_Aim of the task:_ Pictures stay out; everything else in the records below is copied exactly.

_Information provided:_
----

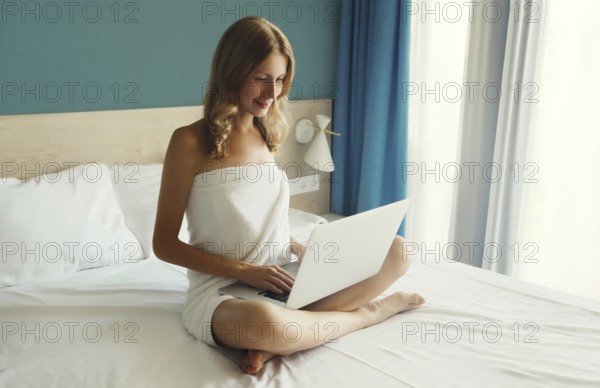 Happy young woman working on a laptop at home in the morning sitting on the bed in bedroom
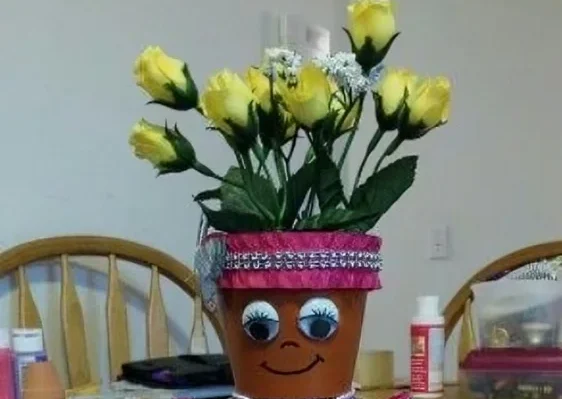 DIY Example: Orange Yarn Hairstyle for a Planter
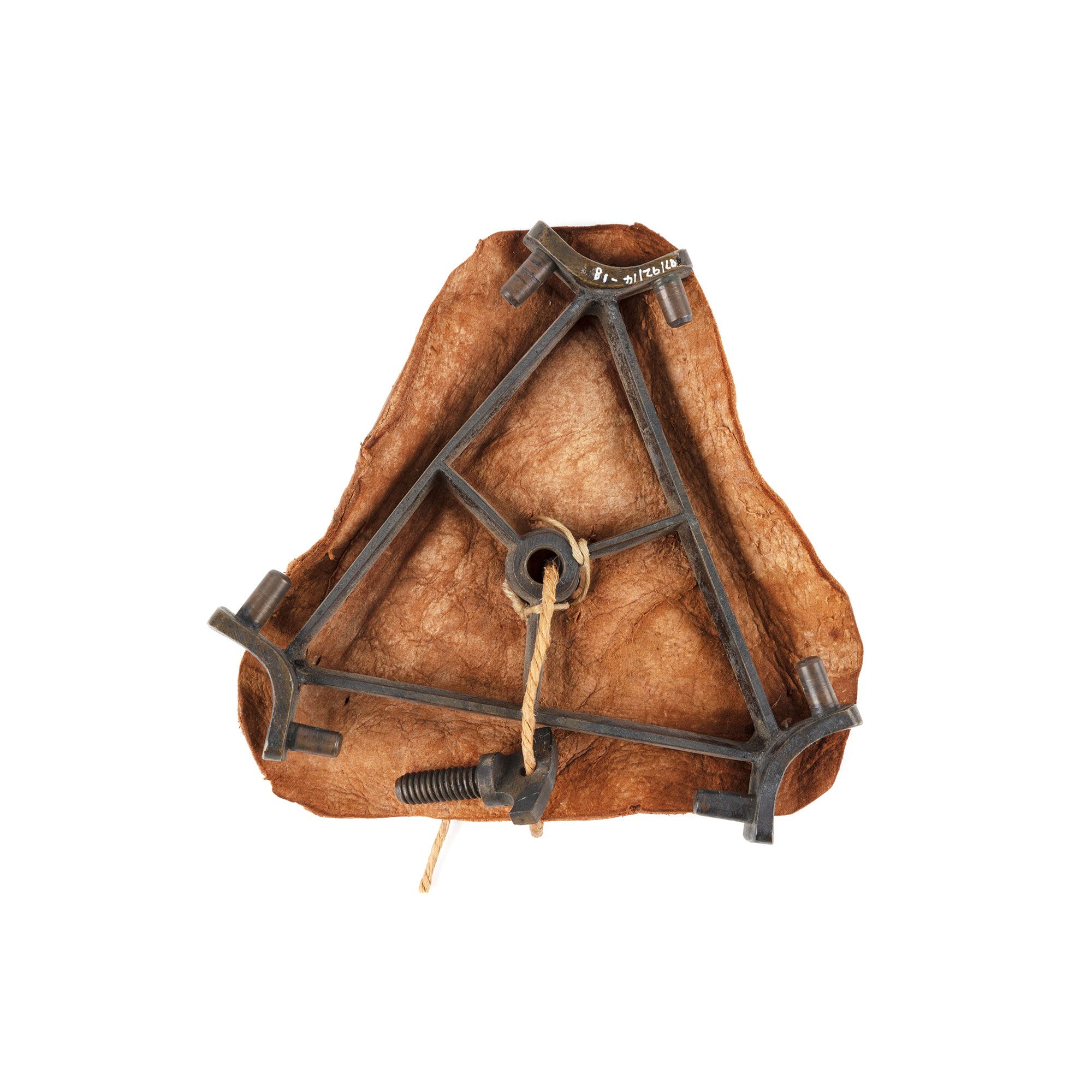 A metal triangle frame with a bolt tied to it with string. Underneath is a leather cover.
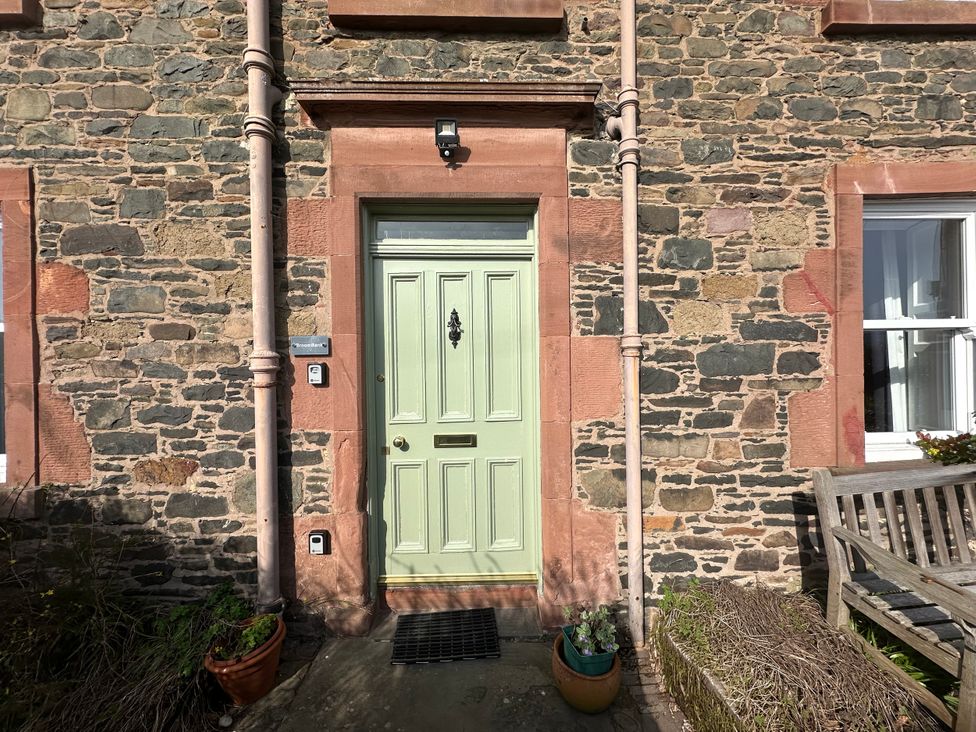 A front door with a stone wall and plant pot at Broombank in Melrose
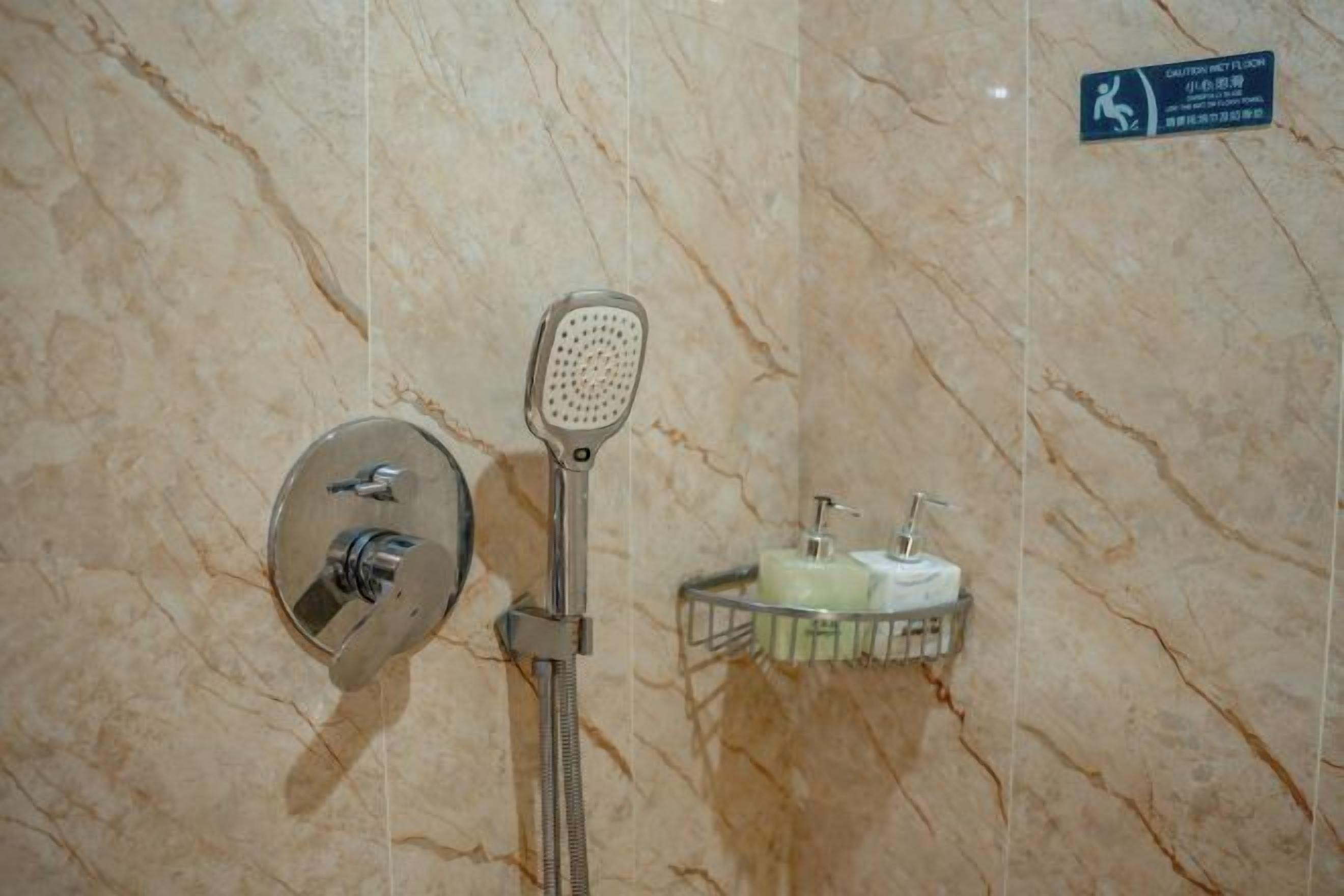 A bathroom with a shower, a hand dryer, and a soap dispenser on a marble wall.
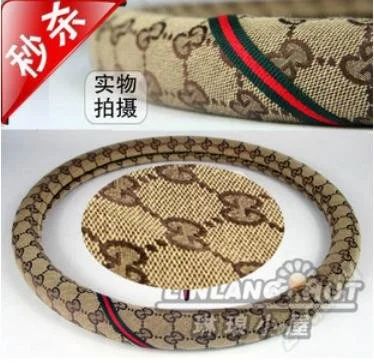 Лот: 980286. Фото: 1. Оплётка на руль Gucci. Чехлы, коврики, оплетки руля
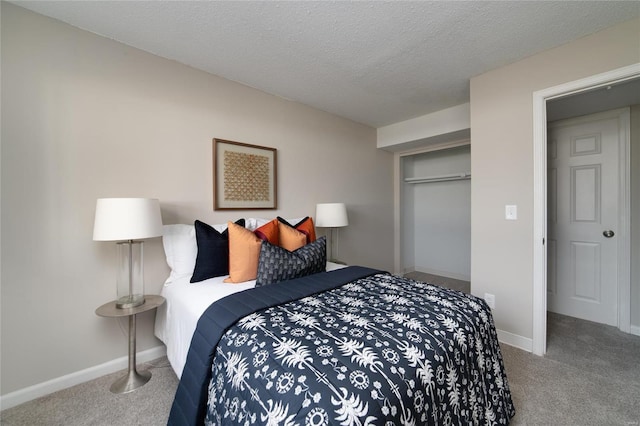 bedroom featuring a closet, carpet floors, and a textured ceiling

----

_Answer section:_
 Happy young woman working on a laptop at home in the morning sitting on the bed in bedroom
 DIY Example: Orange Yarn Hairstyle for a Planter
 A metal triangle frame with a bolt tied to it with string. Underneath is a leather cover.
 A front door with a stone wall and plant pot at Broombank in Melrose
 A bathroom with a shower, a hand dryer, and a soap dispenser on a marble wall.
 Лот: 980286. Фото: 1. Оплётка на руль Gucci. Чехлы, коврики, оплетки руля
 bedroom featuring a closet, carpet floors, and a textured ceiling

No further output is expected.